The share price of Tipco Asphalt Public Company Limited (TASCO) closed lower on Friday for its third consecutive day in plummeting after the report of implication with Venezuela in money laundering.
TASCO closed 1.09% lower at ฿18.10/share on August 20, 2021, while being on a losing streak for the third day since the news broke out. The company recorded a decline of 6.2% in three days.
The news, published by AP News on Tuesday local time in the U.S. or Wednesday morning in Thailand, stated that TASCO is implicated for money laundering in a criminal complaint against a U.S. businessman, Jorge Nobrega, for violating U.S. sanctions on Venezuela.
The report continued to say that Jorge Nobrega, a businessman who runs Miami-based company, Achabal Technologies, was reportedly arrested at Miami’s international airport last Sunday for a criminal complaint in selling a suppressant foam to insulate fuel tanks on Venezuela’s military aircraft, which is a violation of U.S. sanctions for doing business with the country. The report said that Nobrega was paid by TASCO for his work.
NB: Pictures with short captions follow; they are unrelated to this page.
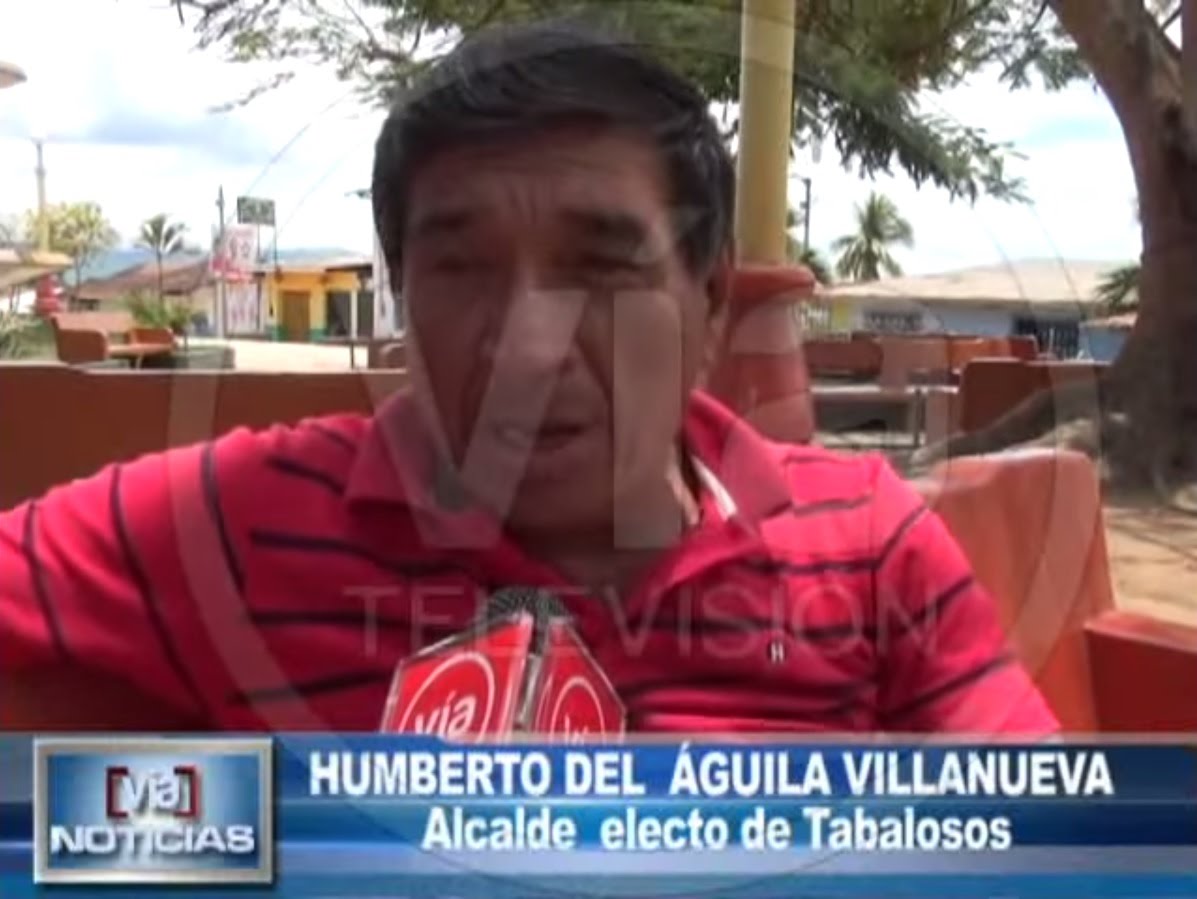 Autoridades municipales de Tabalosos no aceptan críticas de la prensa Autoridades municipales de Tabalosos no aceptan críticas de la prensa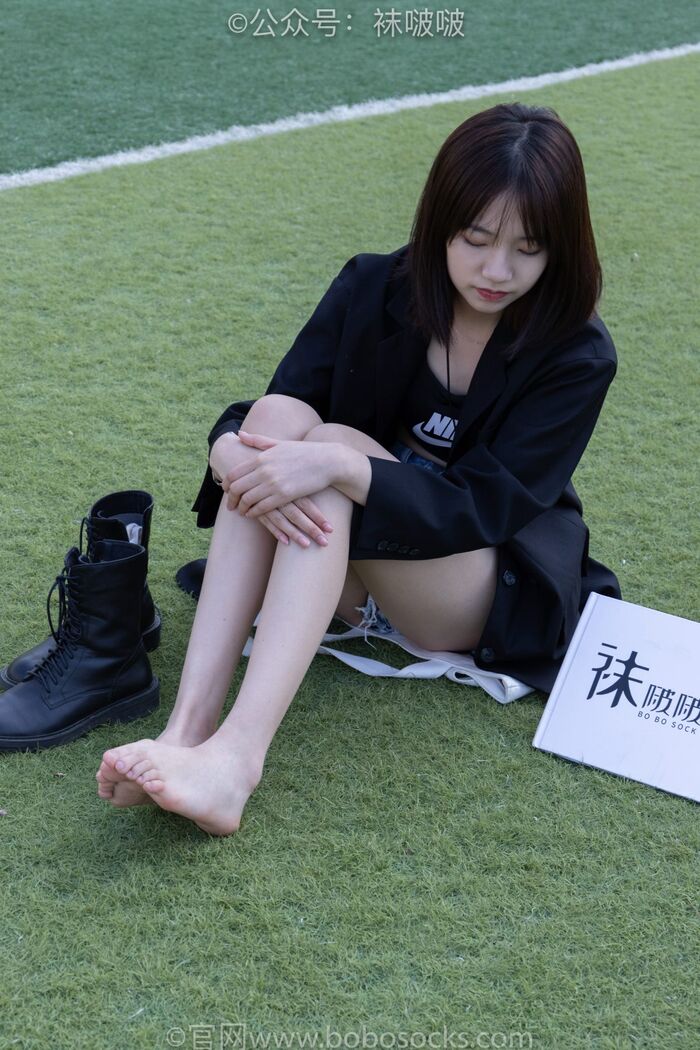 BoBoSocks 袜啵啵 NO.010 Xiao tian dou 87th image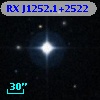RX J1252.1+2522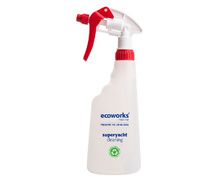 ECOWORKS MARINE Vaporisateur vide rouge 600ml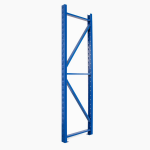 United Storage Upright Post 2.00m Height x 0.60m Wide Qty - 1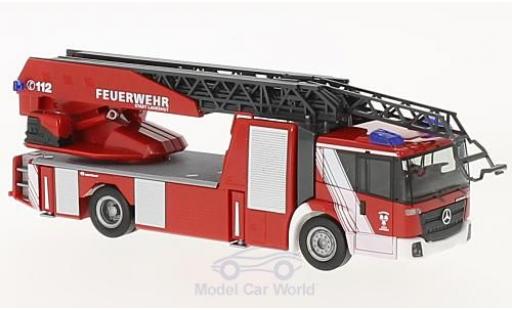 Miniature Mercedes Econic 1/87 Herpa Drehleiter Feuerwehr Landshut Mercedes Econic 1/87 Herpa Drehleiter Feuerwehr Landshut miniature
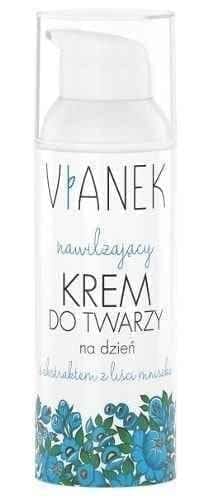 VIANEK Moisturizing face cream for day 50ml UK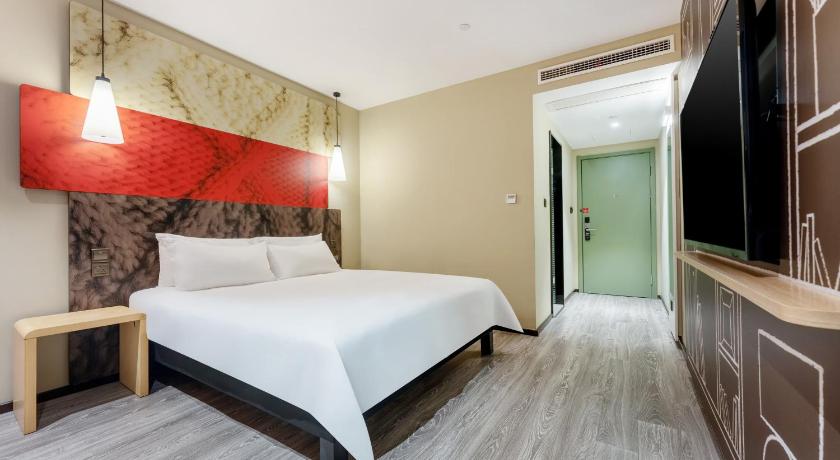 Ibis Nanjing Lishui Station Tianli Plaza Hotel – Nanjing, Jiangsu, MD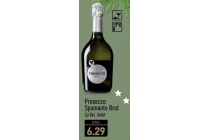prosecco spumante brut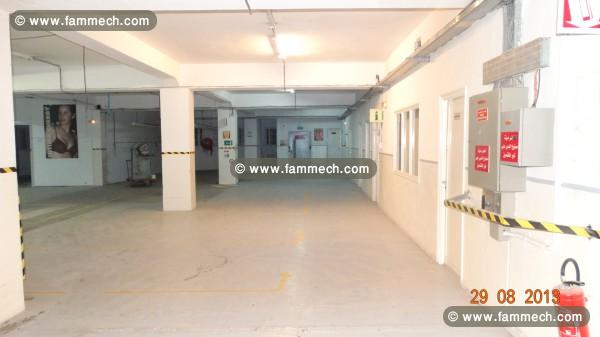  location une spacieuse  usine  de 2200 m2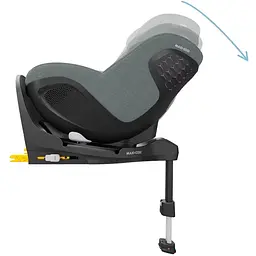 Автокрісло Maxi-Cosi Mica 360 PRO i-Size Authentic Grey - мініатюра 6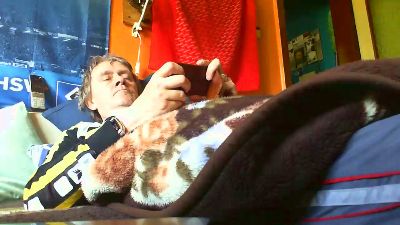 DauergeilerSven live cam on Cam4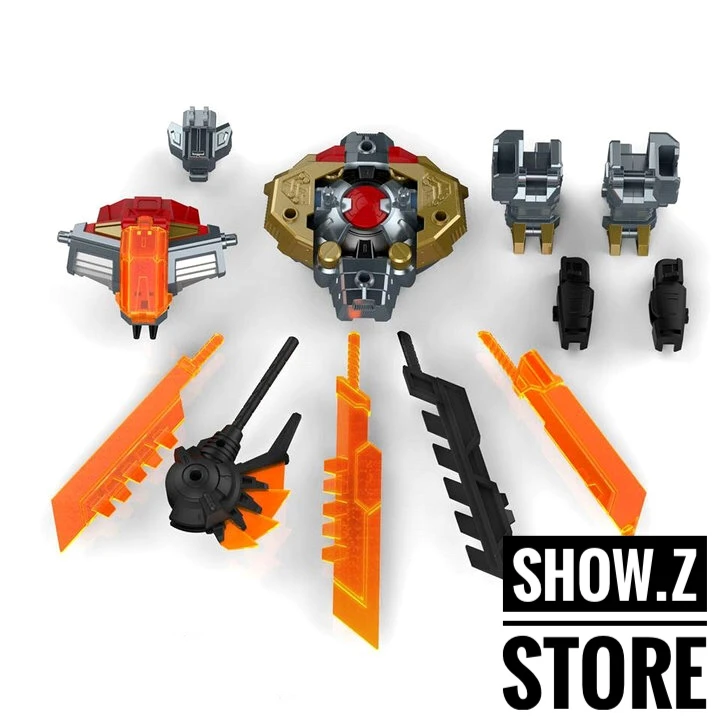Perfect Effect PE PC-23 Perfect Combiner Upgrade Kit For POTP Volcanicus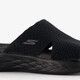 On The Go 600 dames slippers zwart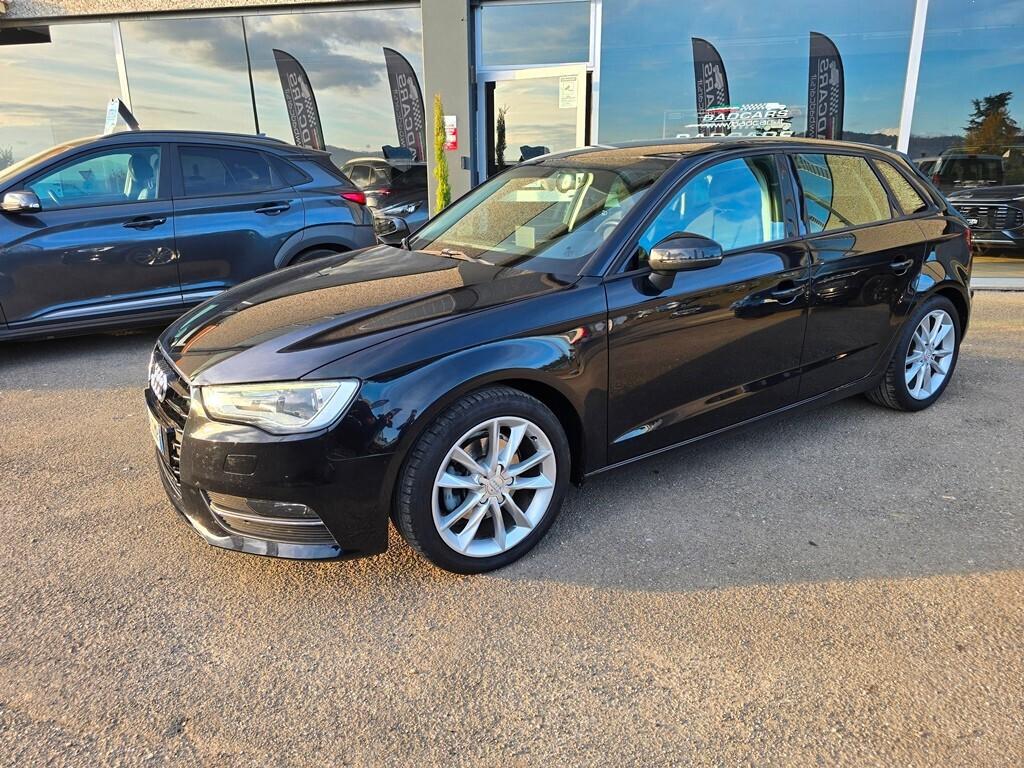 Audi A3 SPORTBACK 2.0 TDI 150 CV AMBITION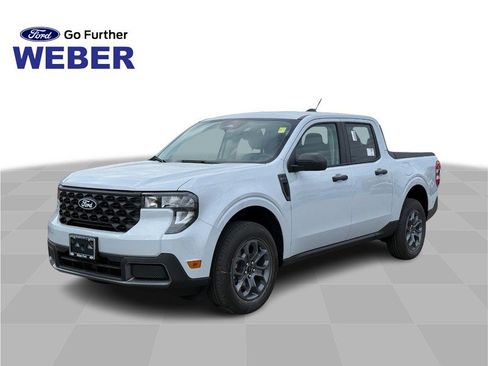 New 2026 Ford Maverick XLT image 1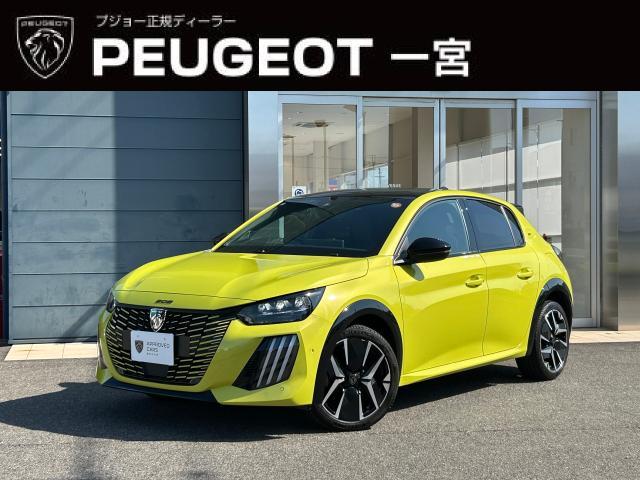 PEUGEOT 208 GT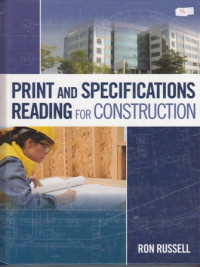 Print and Specifications Reading For Construction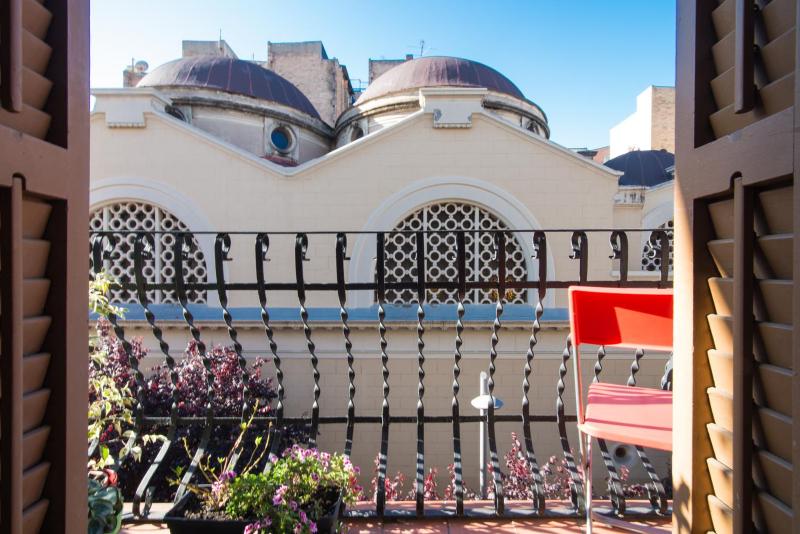 Barcelona cozy apartment — отель с удобствами в Барселоне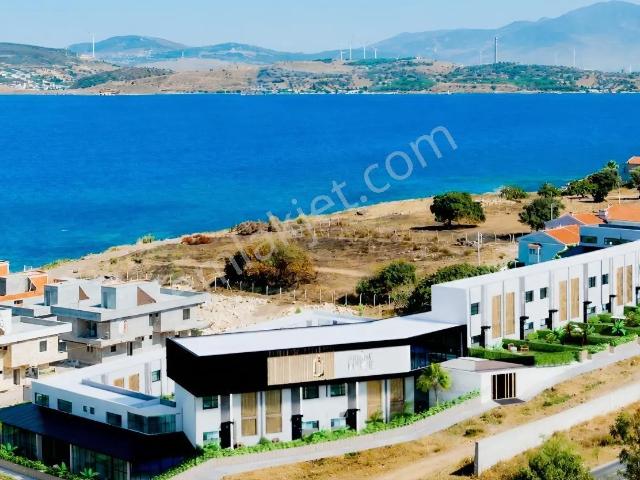 Foça, İzmir içerisinde satılık mülk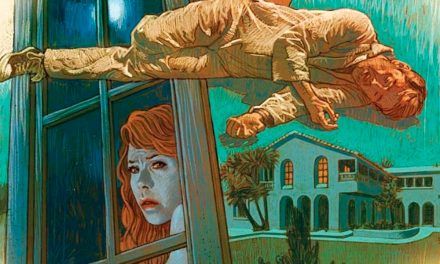 “Reckless: El fantasma dentro de ti” (Ed Brubaker y Sean Phillips, Panini Cómics)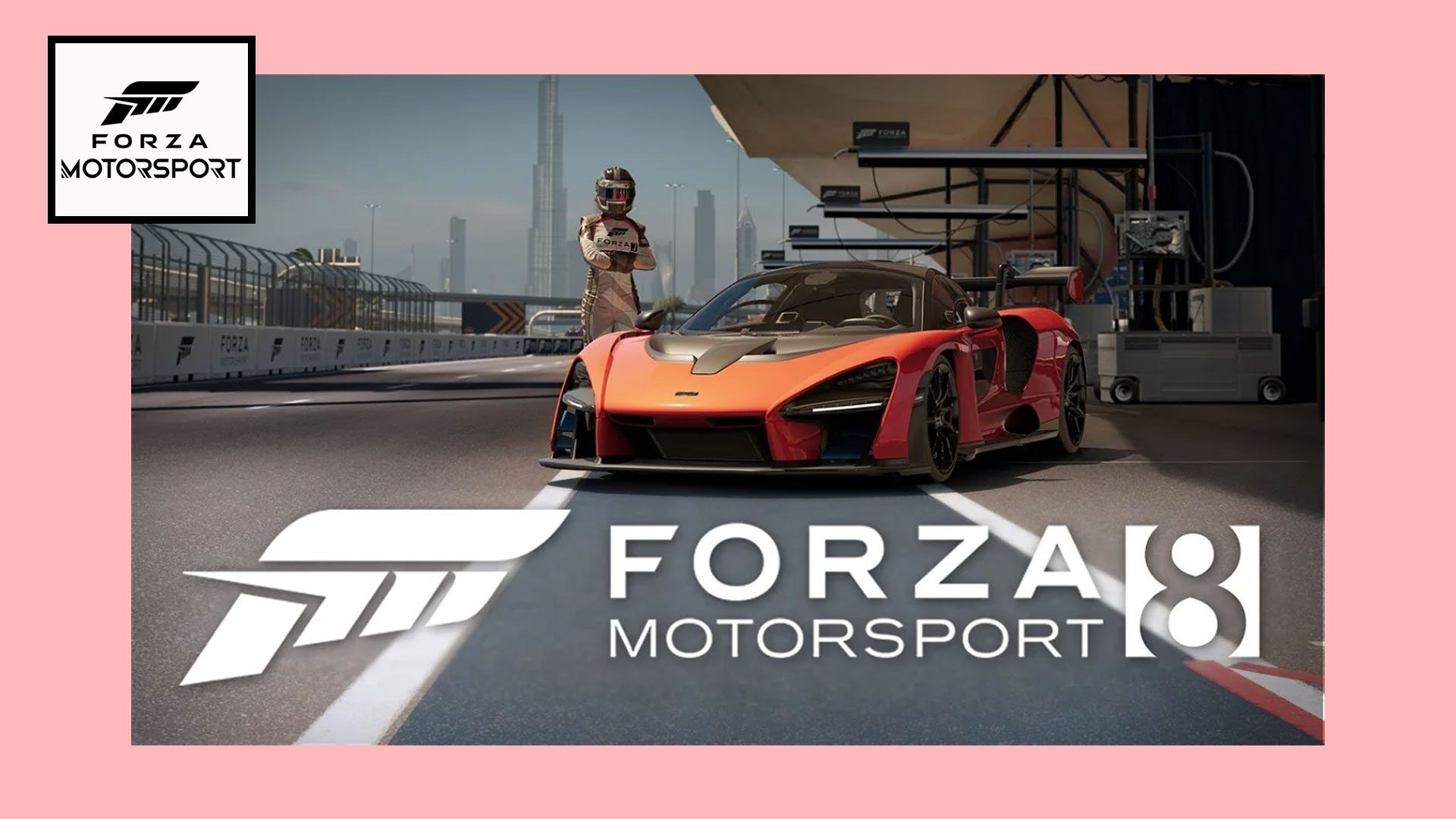 بازی Forza Motorsport8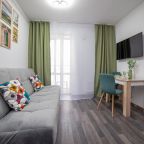 Апартаменты (Ландау 51), Апартаменты Ландау 51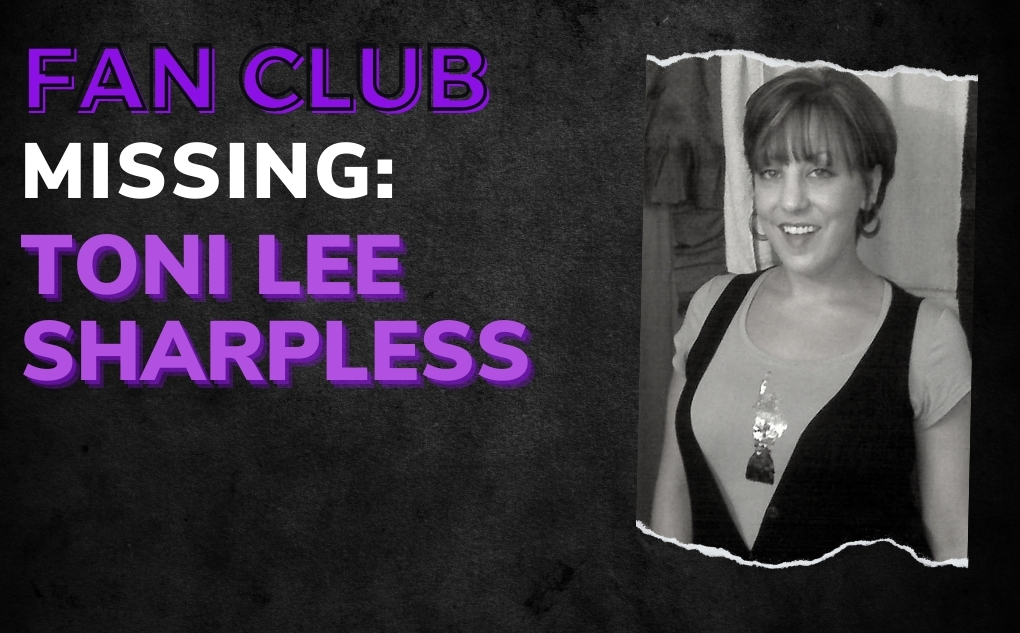 MISSING: Toni Lee Sharpless | Crime Junkie Podcast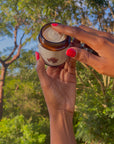 Chocolate-Vanilla Body Butter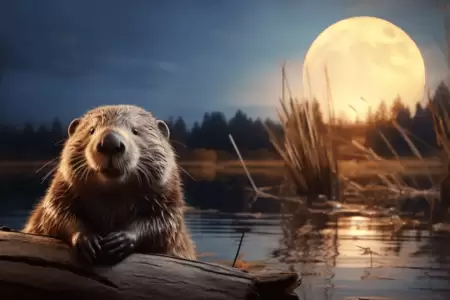 La Superluna del Castor ser un evento astronmico nico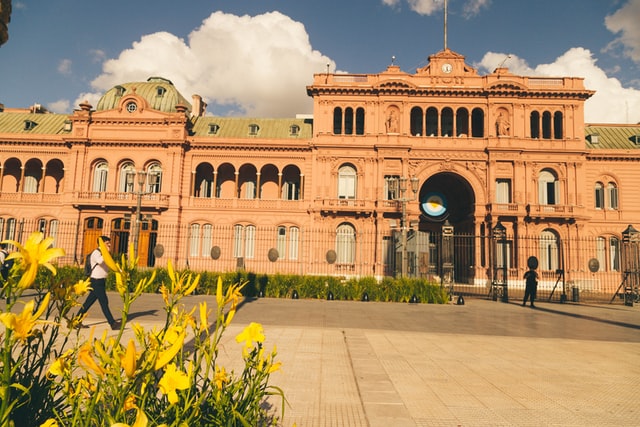 What to do in Buenos Aires_Casa Rosada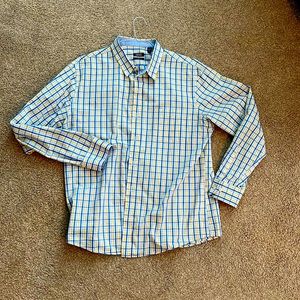 Izod Slim Fit Plaid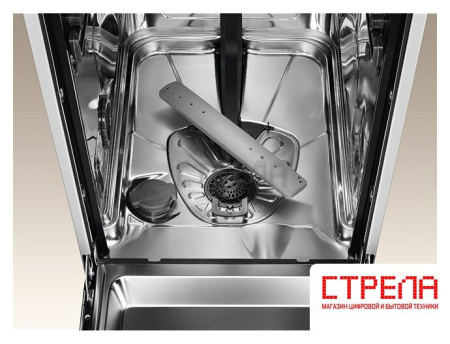 Отдельностоящая посудомоечная машина Electrolux ESA42110SW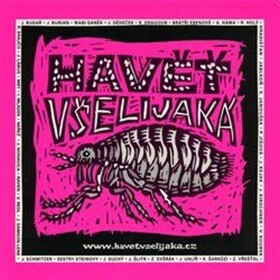 Havěť všelijaká 1 - CD - všelijaká Havěť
However, in the complaint against Nobrega, TASCO is not named as a defendant, but an investigator for the Department of Homeland Security, citing AP’s report, identified TASCO as the third-party money launderer that the complaint says “collaborated” with PDVSA to move money on behalf of Venezuela’s government.
There is no indication that TASCO knew what services Nobrega’s Achabal Technologies was providing Venezuela even as it acted as a financial intermediary, which allowed the company to evade compliance with the U.S. sanctions.
On Thursday morning in Thailand, TASCO published a clarification letter through the Stock Exchange of Thailand (SET) and reiterated that the company was not named as a defendant in the court filing.
Moreover, the company’s transaction with PDVSA, a state-owned enterprise of Venezuela’s government, alluded to in the court filing and in related news stories were the subject of discussions between the company and the US State Department in August 2020. At the request of the U.S. in those exchanges, TASCO voluntarily put an end to these transactions by November 2020. All of this was reported in the company’s notification dated September 2020 and the notification dated November 2020 to the Stock Exchange of Thailand.